2 Armed Bandits

2 Armed Bandits

A Blog by Jason Tang

Basics of Banditry 1: Reinforcement Learning

“By far, the greatest danger of Artificial Intelligence is that people conclude too early that they understand it.”

–Eliezer Yudkowsky

Reinforcement Learning is one of the prominent forefronts of artificial intelligence, though it is much further from the spotlight as compared to the Neural Networks and Support Vector Machines that are finding many business and practical applications. Through this series, I hope to alleviate this lack of knowledge and provide you with an introduction into the world of RL.

Most of this blog stems from the textbook Reinforcement Learning by Richard Sutton and Andrew Barto but takes a more practical approach with less focus on the theoretical details.

As for difficulty, this will be focused towards people who have never touched RL or even machine learning before. I will be going over mathematical equations and python code but those can be ignored if you aren’t interested in the technical details.

Code used:

Why Reinforcement Learning?

So why use Reinforcement Learning when there are all sorts of Neural Networks, decision trees, and SVMs exist?

  1. Data: RL does not assume data is sampled from an independent and identically distribution (i.i.d.) like in other forms of machine learning. In real life, data is usually highly correlated, e.g. an action chosen in a video game might have an impact several time steps later. Additionally, RL has no need for labeled data which can be costly and time consuming to obtain.

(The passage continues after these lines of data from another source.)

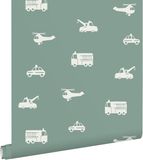 ESTAhome Vliesbehang met voertuigen print voor jongenskamer, vergrijsd blauw, 53 cm x 10.05 m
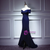 Navy Blue Hi Lo Mermaid Off the Shoulder Prom Dress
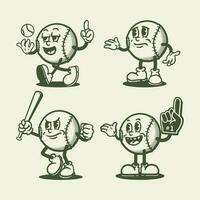 set baseball vintage cartoon vector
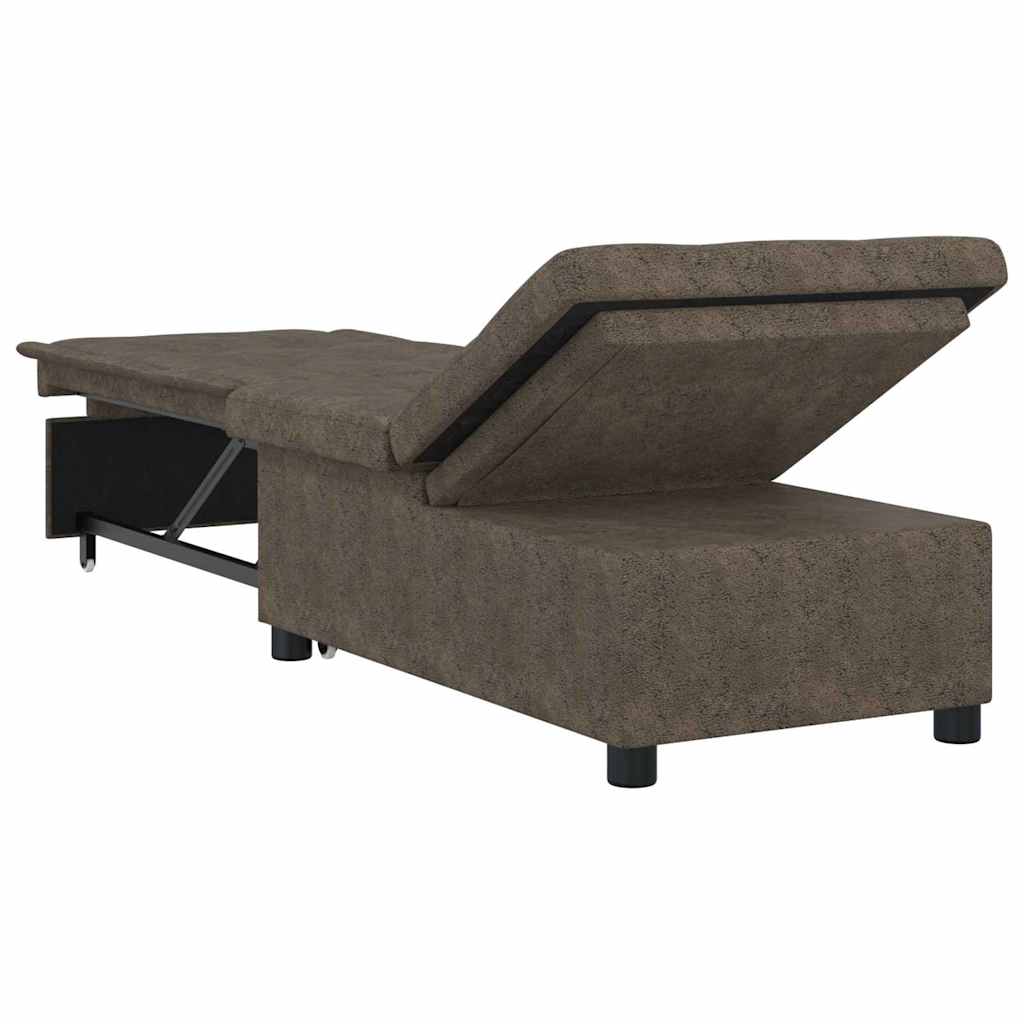 Sofa Bed Dark grey 67 x 194 x 38 cm Faux suede leather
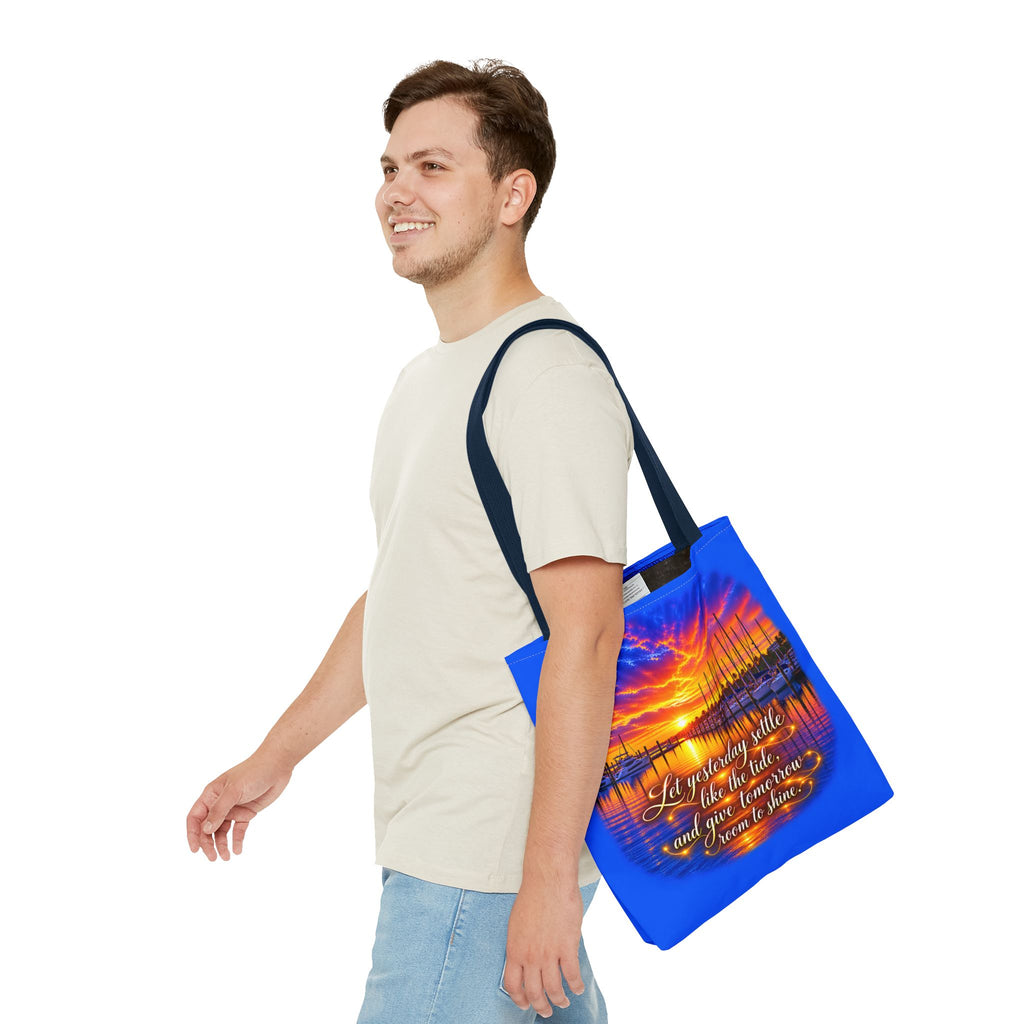 Let Yesterday Settle Inspirational Sunset Marina Tote Bag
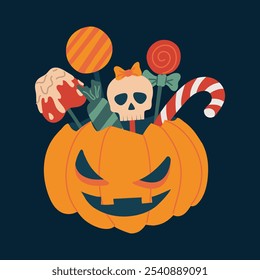 Halloween Kürbis mit gruseligen Gesicht gefüllt mit Bonbons, Lutscher und Süßigkeiten. Einzeln auf dunklem Hintergrund, Vektorgrafik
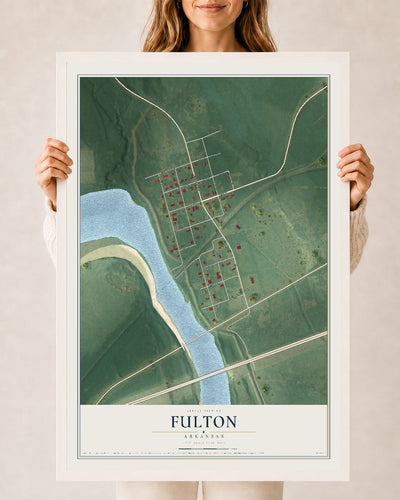 Map of Fulton, Arkansas, 24 x 36 inch print in a white wood frame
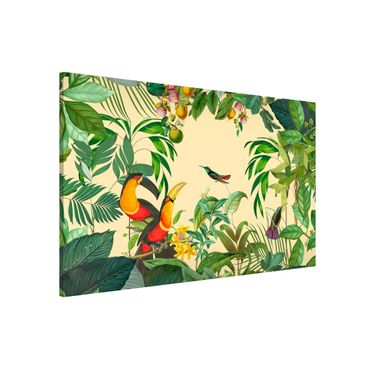Tablica magnetyczna - Kolaże w stylu vintage - Ptaki w dżungli
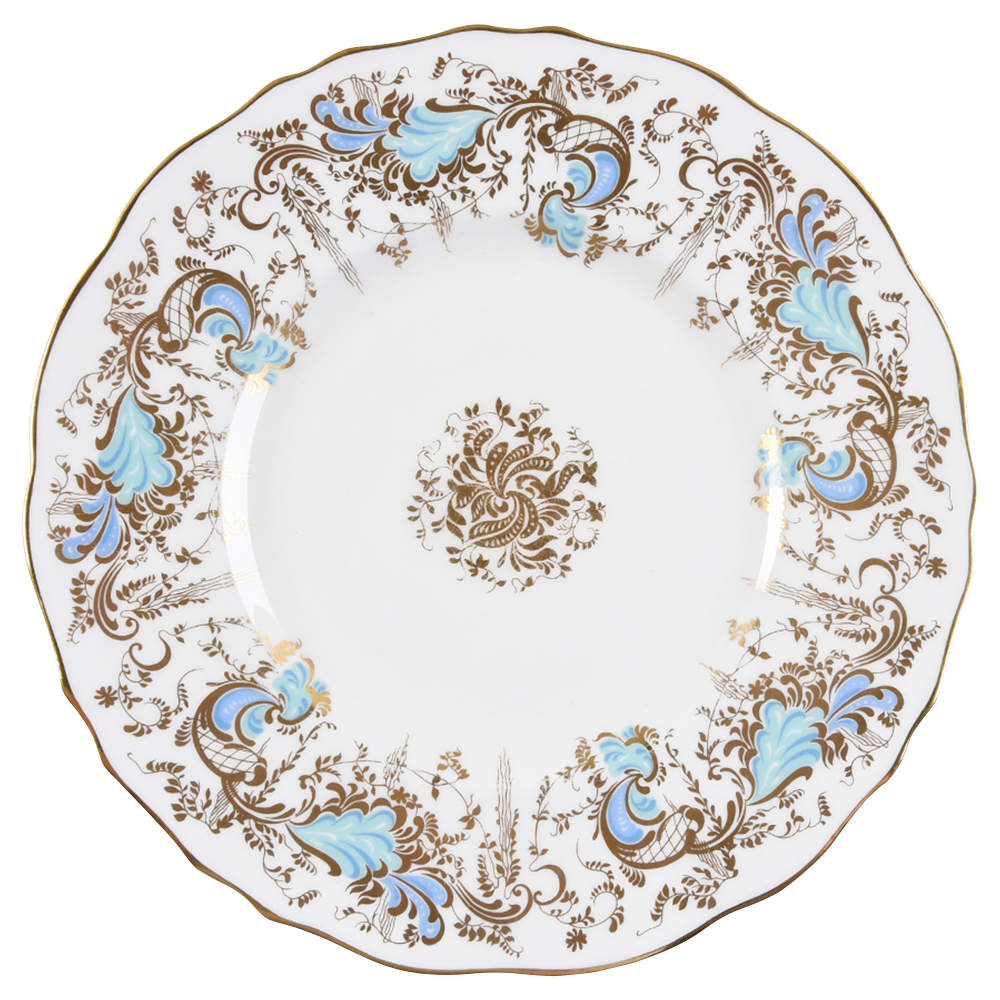 Gainsborough (White with Blue & Gold) Dinner Plate by Royal Cauldon-1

  2. Adaptiveness: RL is able to adapt quickly to new unseen situations and performs well in highly complex states without requiring prior knowledge to provide useful insights.

  3. Intelligence: RL has the potential to attain superhuman capabilities. Supervised machine learning generally uses data collected from humans and emulates that behaviour. Whereas reinforcement learning performs the tasks itself and can, in some cases, outperform the top humans. Because of this, some see RL as the most likely path to achieving Artificial General Intelligence (a machine as capable as a human in every aspect).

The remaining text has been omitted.